LSU EE 7700-1 -- CA Research Methods -- Spring 2006


Processor Idea Evaluation

 Evaluate Three Things

  System Performance: performance of whole system.
  Idea Performance: performance of idea, ignore rest of system.
  Concept Performance: is it really working? Is it reaching its full potential?

System Performance

 Goal: Estimate improvement in overall system performance.

 Performance Measures
  Execution time. 
   Most common.
   Reported as speedup over a base system.
  Power
  Energy

 System Variations
   Base: A typical system.  
   Idea: System with new idea. Denote execution time t_idea.
   Other: System with similar or competing research ideas. 
   Denote execution time of these systems, t_base, t_idea, and t_other.

   Speedup of idea:  t_base / t_idea.

 Base System Choice
   Goal: 
     A typical system that will be in use when your idea can be manufactured.
   Practice (what's done):
     As much of ideal as possible but...
     reasonably close to what others in the literature simulate.

 System Variation Experiments
   Show how much better than Base and Others.
   But don't show:
     If it works on different configurations.
     Why and how well it is working.

 System Configuration Experiments
   Show if idea is sensitive to configuration (performs better on some).
   Vary configuration parameter that idea might be sensitive to (see examples).
   Plot or list speedup v. configuration parameter (e.g., cache size).

 System Configuration Experiments Example - Branch Prediction

   Vary Pipeline Depth 
     Deeper pipelines increase importance of good branch prediction.
     Deeper pipelines interfere with predictor table update...
       hurting some predictors.

   Vary Cache Size
     Smaller caches mean more misses and so branches less important.
       That is, smaller caches, less speedup.

   Predictor Table Size
     Impact on predictor performance is obvious.
     Might show that Idea works better at smaller sizes, larger sizes, or all sizes.

 System Configurations Typically Tested

   Pipeline Depth
     The time from when an instruction arrives to when its results are available.

   Memory Latency
     How long it takes to retrieve something from a memory device.

   Cache Size

   ROB (window) Size
     For dynamically scheduled (out-of-order) processors.
     The number of instructions that a processor can handle at once.

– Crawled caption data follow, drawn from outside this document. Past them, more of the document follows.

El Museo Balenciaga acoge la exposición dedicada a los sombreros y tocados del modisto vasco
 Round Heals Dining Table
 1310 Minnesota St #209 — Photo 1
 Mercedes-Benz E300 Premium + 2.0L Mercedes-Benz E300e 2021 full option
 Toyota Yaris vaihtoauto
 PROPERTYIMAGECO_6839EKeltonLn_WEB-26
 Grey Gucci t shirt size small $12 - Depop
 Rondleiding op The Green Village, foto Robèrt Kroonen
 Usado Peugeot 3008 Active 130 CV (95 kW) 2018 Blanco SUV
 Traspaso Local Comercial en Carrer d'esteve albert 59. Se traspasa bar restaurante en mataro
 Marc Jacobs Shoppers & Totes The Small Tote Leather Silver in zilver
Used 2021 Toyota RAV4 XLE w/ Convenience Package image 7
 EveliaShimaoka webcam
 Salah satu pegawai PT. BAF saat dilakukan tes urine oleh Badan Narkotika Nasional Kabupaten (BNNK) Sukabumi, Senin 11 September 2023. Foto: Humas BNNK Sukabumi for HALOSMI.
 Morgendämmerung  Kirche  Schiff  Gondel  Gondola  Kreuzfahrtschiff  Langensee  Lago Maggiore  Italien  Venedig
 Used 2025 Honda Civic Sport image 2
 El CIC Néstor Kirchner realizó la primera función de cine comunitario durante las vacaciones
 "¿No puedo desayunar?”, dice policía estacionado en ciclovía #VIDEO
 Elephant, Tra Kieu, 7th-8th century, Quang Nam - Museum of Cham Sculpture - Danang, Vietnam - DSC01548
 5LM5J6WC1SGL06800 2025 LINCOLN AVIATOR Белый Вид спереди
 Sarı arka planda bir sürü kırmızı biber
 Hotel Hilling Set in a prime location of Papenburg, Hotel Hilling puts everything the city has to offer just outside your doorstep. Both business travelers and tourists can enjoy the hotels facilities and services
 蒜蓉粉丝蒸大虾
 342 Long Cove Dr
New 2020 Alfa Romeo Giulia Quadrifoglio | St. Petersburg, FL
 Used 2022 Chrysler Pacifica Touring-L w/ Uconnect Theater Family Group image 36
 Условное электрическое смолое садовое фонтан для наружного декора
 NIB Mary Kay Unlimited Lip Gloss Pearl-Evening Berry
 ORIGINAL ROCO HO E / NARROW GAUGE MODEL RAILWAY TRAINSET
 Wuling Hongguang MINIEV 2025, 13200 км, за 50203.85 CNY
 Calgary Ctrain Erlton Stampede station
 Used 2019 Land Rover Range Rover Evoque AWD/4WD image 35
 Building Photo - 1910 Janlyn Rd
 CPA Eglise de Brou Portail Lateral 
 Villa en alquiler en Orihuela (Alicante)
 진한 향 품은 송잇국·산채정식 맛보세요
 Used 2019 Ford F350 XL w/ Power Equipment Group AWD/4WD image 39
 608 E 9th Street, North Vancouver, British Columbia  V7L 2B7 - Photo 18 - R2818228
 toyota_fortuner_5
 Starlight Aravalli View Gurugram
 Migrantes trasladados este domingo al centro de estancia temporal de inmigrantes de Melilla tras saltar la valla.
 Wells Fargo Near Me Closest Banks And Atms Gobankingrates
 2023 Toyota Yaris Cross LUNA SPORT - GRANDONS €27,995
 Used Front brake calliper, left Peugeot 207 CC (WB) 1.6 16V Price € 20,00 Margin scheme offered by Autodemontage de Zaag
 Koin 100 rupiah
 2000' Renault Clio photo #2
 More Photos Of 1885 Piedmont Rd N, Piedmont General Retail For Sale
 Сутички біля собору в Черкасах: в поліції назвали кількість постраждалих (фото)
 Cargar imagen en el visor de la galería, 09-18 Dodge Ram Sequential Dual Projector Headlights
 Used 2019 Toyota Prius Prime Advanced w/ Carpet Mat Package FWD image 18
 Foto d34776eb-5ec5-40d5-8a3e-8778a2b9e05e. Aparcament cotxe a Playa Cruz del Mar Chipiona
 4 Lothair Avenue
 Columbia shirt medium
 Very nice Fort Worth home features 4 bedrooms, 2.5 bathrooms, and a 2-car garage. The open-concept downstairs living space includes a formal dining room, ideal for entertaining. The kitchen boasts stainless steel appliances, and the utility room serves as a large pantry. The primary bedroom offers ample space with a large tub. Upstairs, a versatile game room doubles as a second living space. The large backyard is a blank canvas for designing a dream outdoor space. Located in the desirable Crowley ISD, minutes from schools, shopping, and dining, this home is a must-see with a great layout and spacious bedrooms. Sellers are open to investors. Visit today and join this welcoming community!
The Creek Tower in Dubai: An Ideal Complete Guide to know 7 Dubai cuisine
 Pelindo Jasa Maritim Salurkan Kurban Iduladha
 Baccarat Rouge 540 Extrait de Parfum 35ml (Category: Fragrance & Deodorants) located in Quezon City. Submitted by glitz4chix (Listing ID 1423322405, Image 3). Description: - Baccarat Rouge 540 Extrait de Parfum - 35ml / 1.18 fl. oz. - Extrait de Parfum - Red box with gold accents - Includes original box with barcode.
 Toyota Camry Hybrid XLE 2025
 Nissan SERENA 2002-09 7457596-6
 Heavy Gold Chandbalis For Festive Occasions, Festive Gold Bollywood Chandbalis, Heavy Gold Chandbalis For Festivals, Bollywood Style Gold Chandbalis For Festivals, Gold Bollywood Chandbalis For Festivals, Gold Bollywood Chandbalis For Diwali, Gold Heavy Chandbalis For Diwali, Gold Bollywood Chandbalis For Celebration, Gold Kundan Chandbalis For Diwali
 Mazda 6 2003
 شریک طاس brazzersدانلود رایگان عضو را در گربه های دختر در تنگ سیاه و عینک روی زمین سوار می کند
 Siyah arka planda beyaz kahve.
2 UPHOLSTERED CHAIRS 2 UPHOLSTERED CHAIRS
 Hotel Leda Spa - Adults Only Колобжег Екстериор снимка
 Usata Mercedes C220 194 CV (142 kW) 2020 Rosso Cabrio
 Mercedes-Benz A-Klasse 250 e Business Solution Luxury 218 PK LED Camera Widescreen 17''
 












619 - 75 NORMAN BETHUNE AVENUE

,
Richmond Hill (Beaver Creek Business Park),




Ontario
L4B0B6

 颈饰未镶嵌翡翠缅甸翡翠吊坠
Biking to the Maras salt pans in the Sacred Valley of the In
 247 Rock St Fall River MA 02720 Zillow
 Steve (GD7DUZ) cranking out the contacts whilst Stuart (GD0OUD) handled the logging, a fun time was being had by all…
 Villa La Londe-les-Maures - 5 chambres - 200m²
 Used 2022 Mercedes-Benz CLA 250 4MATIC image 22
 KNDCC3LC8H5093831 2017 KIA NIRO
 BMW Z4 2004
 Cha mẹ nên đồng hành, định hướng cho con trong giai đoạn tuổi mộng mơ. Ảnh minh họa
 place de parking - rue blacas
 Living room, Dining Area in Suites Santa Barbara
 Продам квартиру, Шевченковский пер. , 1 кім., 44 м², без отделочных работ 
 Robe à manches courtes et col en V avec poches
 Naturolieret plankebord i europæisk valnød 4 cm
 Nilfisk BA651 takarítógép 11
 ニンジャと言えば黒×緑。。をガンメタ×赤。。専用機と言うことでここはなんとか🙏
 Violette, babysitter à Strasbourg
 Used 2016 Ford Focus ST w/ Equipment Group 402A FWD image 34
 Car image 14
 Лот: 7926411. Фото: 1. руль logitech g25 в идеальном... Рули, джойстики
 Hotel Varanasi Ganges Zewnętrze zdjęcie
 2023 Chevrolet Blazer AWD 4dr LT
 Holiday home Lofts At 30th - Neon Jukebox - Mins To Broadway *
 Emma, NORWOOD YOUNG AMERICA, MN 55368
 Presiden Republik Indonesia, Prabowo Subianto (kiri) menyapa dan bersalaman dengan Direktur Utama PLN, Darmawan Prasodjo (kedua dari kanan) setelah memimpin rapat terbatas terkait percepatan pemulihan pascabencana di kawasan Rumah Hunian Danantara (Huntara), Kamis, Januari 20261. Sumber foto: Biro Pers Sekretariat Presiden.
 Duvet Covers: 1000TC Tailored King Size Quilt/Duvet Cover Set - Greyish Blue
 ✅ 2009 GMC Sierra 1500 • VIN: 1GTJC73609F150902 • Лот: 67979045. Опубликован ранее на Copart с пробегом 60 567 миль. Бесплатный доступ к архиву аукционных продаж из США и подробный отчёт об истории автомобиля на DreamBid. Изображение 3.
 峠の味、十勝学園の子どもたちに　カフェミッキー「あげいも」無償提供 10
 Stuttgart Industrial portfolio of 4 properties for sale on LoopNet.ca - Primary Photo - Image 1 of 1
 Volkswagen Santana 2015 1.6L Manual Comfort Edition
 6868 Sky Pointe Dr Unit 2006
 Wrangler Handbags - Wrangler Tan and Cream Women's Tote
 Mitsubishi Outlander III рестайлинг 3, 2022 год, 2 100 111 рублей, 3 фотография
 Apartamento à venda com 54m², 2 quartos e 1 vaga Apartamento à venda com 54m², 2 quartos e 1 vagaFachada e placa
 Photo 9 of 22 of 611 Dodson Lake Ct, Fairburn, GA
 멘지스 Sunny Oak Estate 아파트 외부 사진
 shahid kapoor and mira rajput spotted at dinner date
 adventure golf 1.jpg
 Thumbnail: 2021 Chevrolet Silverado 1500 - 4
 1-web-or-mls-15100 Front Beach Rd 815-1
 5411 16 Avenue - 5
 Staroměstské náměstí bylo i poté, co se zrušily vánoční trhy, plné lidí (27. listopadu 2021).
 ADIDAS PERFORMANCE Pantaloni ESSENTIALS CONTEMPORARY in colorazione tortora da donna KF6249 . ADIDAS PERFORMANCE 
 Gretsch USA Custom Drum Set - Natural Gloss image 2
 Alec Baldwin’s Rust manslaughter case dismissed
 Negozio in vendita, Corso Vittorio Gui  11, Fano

   Fetch Width, Decode Width, Issue Width
     The number of instructions a processor can fetch, decode, or start execution
      at once.
     A 4-way superscalar processor has a decode width of 4.

   Number of Arithmetic and other Functional Units

   Idea Size
     How much chip area given to idea. Ideally, true area, but often
     the number of bits of storage needed for the idea.

 Benchmark Sensitivity
   
   Benchmark Choices
     Programs "narrow" target users expected to run.
       These are programs Idea works well on.
       Example: crafty (chess), go (go).
     Programs "broad" target users expected to run.
       These are large class of programs Idea works well on.
       Example: SPECCPU integer programs. (Includes crafty.)
     Programs other researchers use. (For comparison.)

   Reporting Results
     For at least one configuration, show benchmarks individually.
     Might separately show results in narrow and broad benchmark set.

     
Idea Performance

 How well does idea, not the whole system, perform.

 Can show how well idea solves problem, ignoring how important problem is.

 Example - Branch Prediction

  Problem: branch mispredictions.
  Show branch prediction accuracy.

 Example - Cache Designs

  Problem: cache misses.
  Show cache hit ratio.
 

Concept Performance

 This section for Ideas that strongly depend on program and system behavior.
  Does: (Concept performance as described here does apply.)
    Branch predictor, cache replacement policy.
  Does not: (Concept performance as described here does not apply.)
    Faster division hardware. 
      Improvement in division speed not affected by numbers being divided.
      Overall speedup is affected by number of divides in benchmark, but that's system
       performance, not concept performance.

 Concept
   Concept is particular behavior or situation idea targets, and how it is exploited.

   Example - Local Predictor
    Behavior: Repeating outcome patterns that many branches might have.
    Exploitation:  Use BHT to remember pattern and PHT to remember outcome.
    
 Concept Performance
   How often does behavior occur?
     For local predictor, how many branches have repeating patterns?
   How well is it handled?
     Are they all being predicted?

 Measuring Concept Performance
   Method 1: (easier)
     Use idealized version of idea.
     For example, local predictor with unlimited size BHT and large local history.
   Method 2: (may be harder)
     Modify simulator to detect behavior.
     Compare number of times Idea finds behavior to number of times simulator does.